===== TASK DATA =====
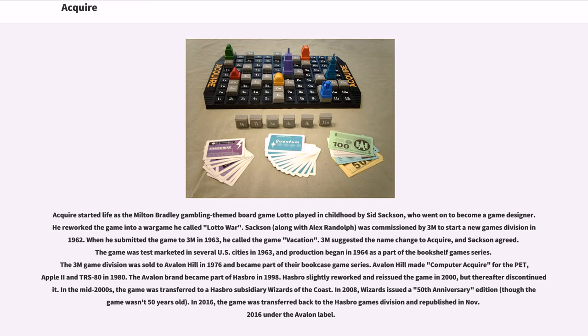The 3M game division was sold to Avalon Hill in 1976 and became part of their bookcase game series. Avalon Hill made computer Acquire for the PET, Apple II, and TRS-80 in 1980. The Avalon brand became part of Hasbro in 1998. Hasbro slightly reworked and reissued the game in 2000, but thereafter discontinued it.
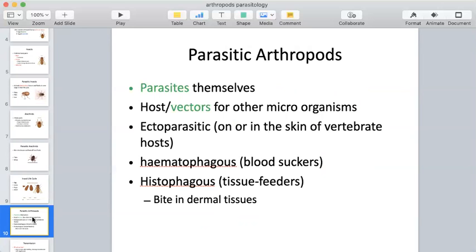When talking about parasitic arthropods, they can be characterized as parasites themselves — an organism that relies on another organism for survival. Flies, ticks, and mites have to feed on host tissue to get the nutrients and blood they need to survive, so they are parasitic by definition. But they also function as hosts or vectors for other microorganisms — they can harbor microorganisms inside themselves that they can transmit or have obtained while feeding on host tissue.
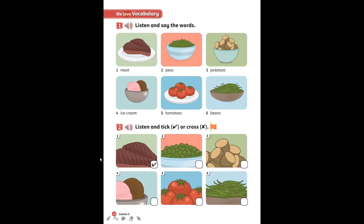Now look at activity two. We are going to listen and tick — do a checklist or cross, atau beri tanda checklist atau silang. Are you ready to listen? Take your pencil. For those who haven't got the book, write the answer in your notebook. For example, number one: meat — kamu tulis meat, lalu kasih tanda checklist.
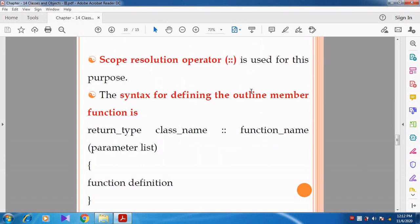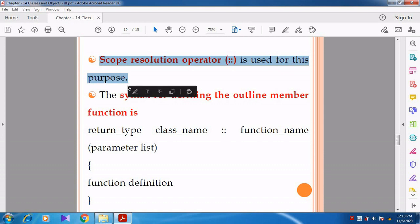We are going to see the syntax for the outline member function. Before seeing the syntax, we want to know about the scope resolution operator, because this operator is useful for defining the member function outside the class.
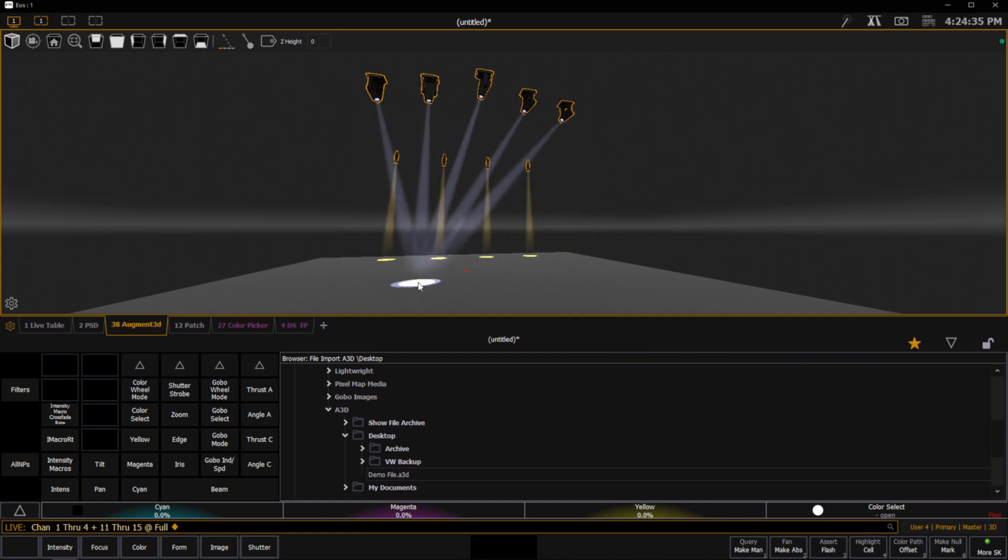We'll cover importing scenic objects from Vectorworks in another video, but this is how we're going to import Vectorworks fixtures into your Augmented EOS show file. Thanks for watching, and be sure to check out more Augmented Feature of the Week videos.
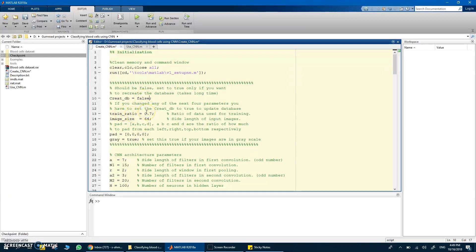One benefit of the image database .mat file is that all images are stored in the right size and format, along with all the information needed when you apply the network to a new image. You can set padding ratios from 0 to 1 for left, right, top, and bottom. You can also choose whether the database is grayscale or RGB — if the database is RGB, set the grayscale flag to false. Our data is colored, so it's an RGB color database.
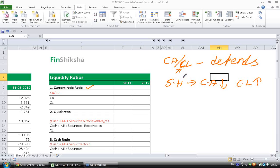Whenever a businessman or shareholder buys goods on behalf of the company, he does not want to pay immediately. He wants to drag payment as long as possible so that his money is not invested in the system but the supplier's money is. So a shareholder wants current liabilities to be higher. When he sells goods, he does not want any receivables — he wants to receive money immediately.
=====
EXERCISE DESCRIPTION -> Copy exactly the lines of the entries above from the one containing "We'll cover importing" through the one containing "One benefit of". Both end lines count; pictures do not.

SOLUTION FOR THIS TASK ->
We'll cover importing scenic objects from Vectorworks in another video, but this is how we're going to import Vectorworks fixtures into your Augmented EOS show file. Thanks for watching, and be sure to check out more Augmented Feature of the Week videos.
One benefit of the image database .mat file is that all images are stored in the right size and format, along with all the information needed when you apply the network to a new image. You can set padding ratios from 0 to 1 for left, right, top, and bottom. You can also choose whether the database is grayscale or RGB — if the database is RGB, set the grayscale flag to false. Our data is colored, so it's an RGB color database.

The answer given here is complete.